> **What the task requires**:
From the entries below, reproduce exactly the lines from the one with "Beyaz arka planda taze Brüksel lahanası." through the one with "Fotografia de um", both included, without images.

> **Material for this task**:

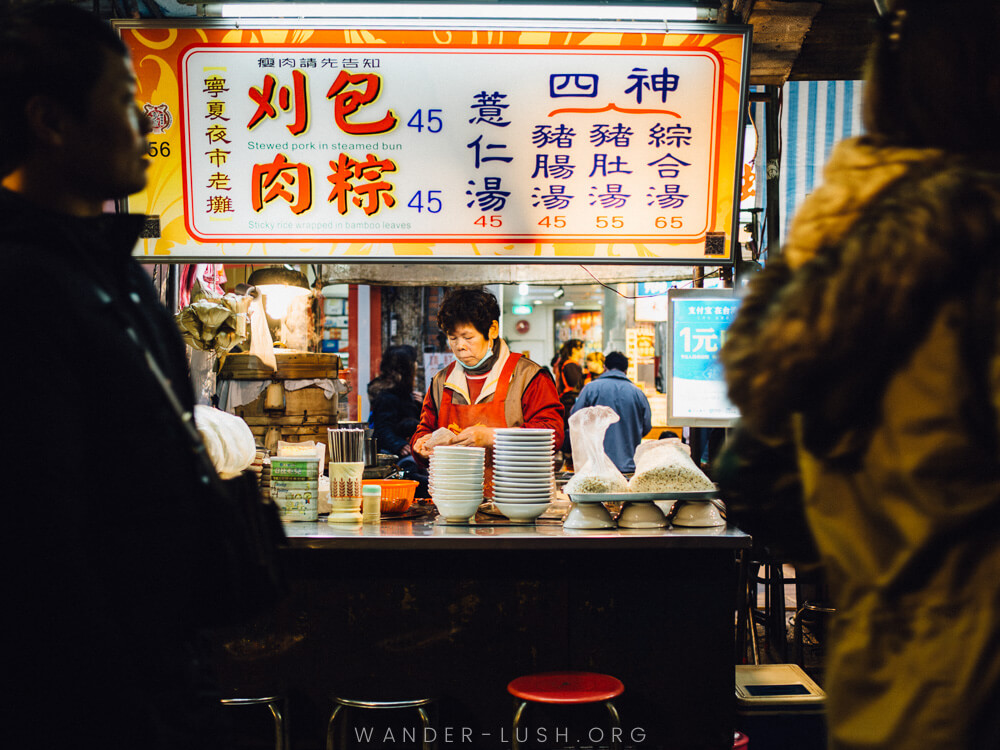 Un bucatar sta in spatele standului ei de mancare stradala din Taipei, Taiwan.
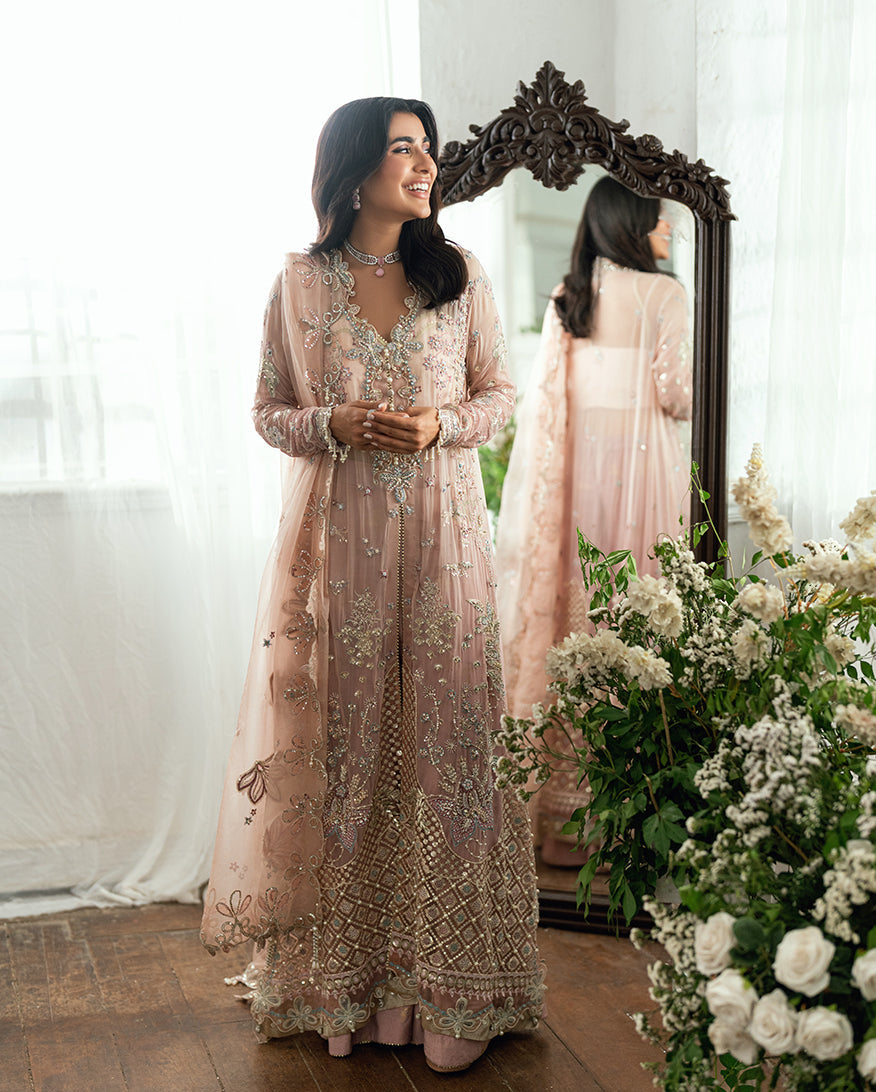 Woman smiling in the embroidered chiffon ensemble standing in front of a mirror with floral background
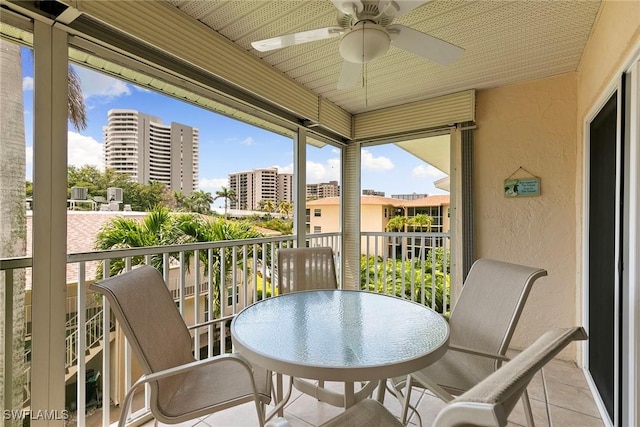 261 S Collier Blvd Unit 304, Marco Island, FL 34145 - balcony with a ceiling fan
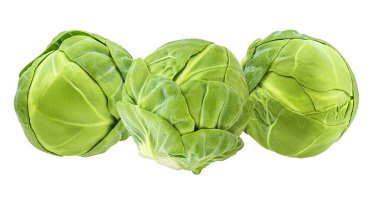 Beyaz arka planda taze Brüksel lahanası.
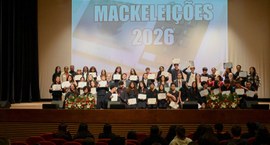 Fotografia de um grupo de estudantes e adultos reunidos no palco de um auditório. Eles posam sor...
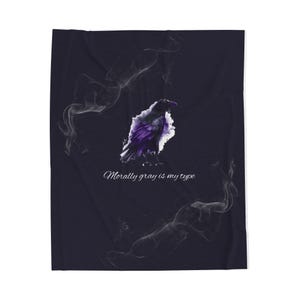 May include: A dark navy blue blanket featuring a stylized raven illustration in shades of purple and gray. Wispy white smoke-like designs surround the raven. The text "Morally gray is my type" is written in cursive below the raven.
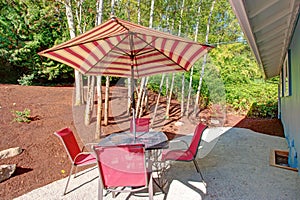 Backyard Patio With Red Striped Umbrella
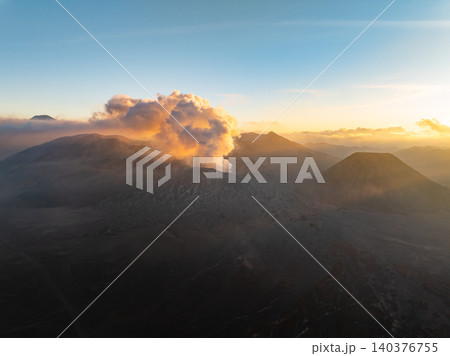 Amazing Mount Bromo volcano during sunrise from king kong viewpoint on Mountain Penanjakan in Bromo Tengger Semeru National Park,East Java,Indonesia.Nature landscape background Amazing Mount Bromo volcano during sunrise from king kong viewpoint on Mountain Penanjakan in Bromo Tengger Semeru National Park,East Java,Indonesia.Nature landscape background 140376755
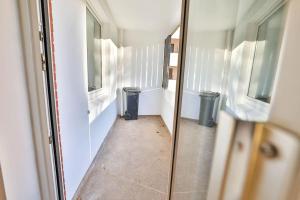 a hallway with two windows and two trash cans at Meersinn Ferienwohnung Brake in Harrierwurp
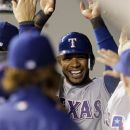 Texas Rangers' Elvis Andrus is greeted in the dugout after he scored in the third inning of a baseball game against the Seattle Mariners, Tuesday, May 22, 2012, in Seattle. (AP Photo/Ted S. Warren)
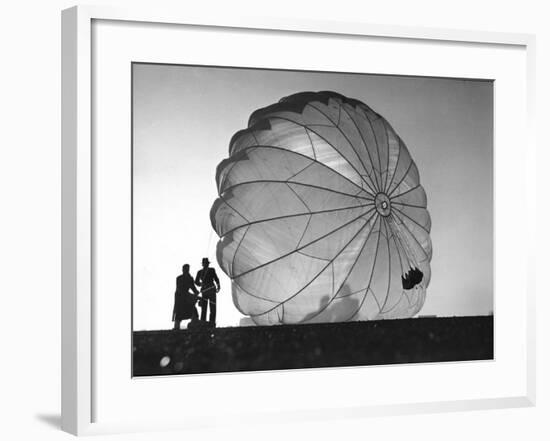 Two Irving Air Chute Co. Employees Struggling to Pull Down One of their Parachutes after Test Jump-Margaret Bourke-White-Framed Premium Photographic Print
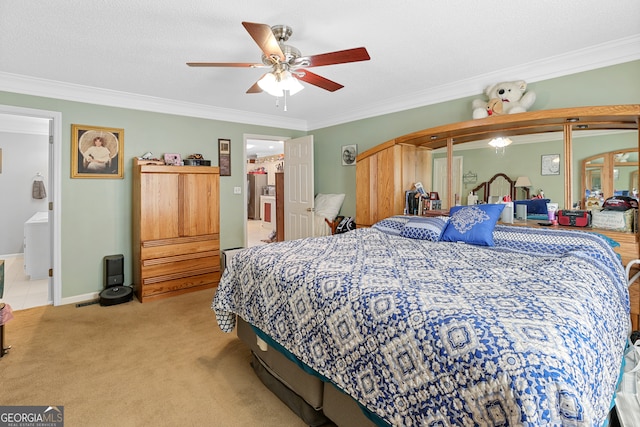 bedroom with a textured ceiling, ceiling fan, light carpet, connected bathroom, and crown molding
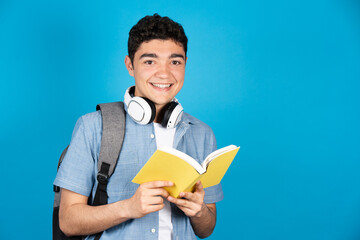 Portrait of hispanic college student holding a book isolated on blue background.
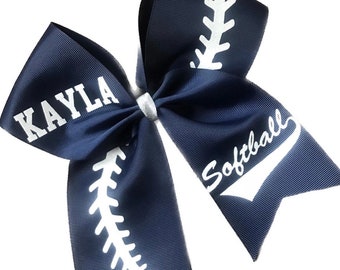 May include: A navy blue softball bow with white stitching details and the word "Softball" in a script font. The bow also features the name "Kayla" in white block letters. The bow is tied with a white ribbon.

> **Solution to this exercise**:
 Beyaz arka planda taze Brüksel lahanası.
 Fotografia de um grupo de estudantes e adultos reunidos no palco de um auditório. Eles posam sor...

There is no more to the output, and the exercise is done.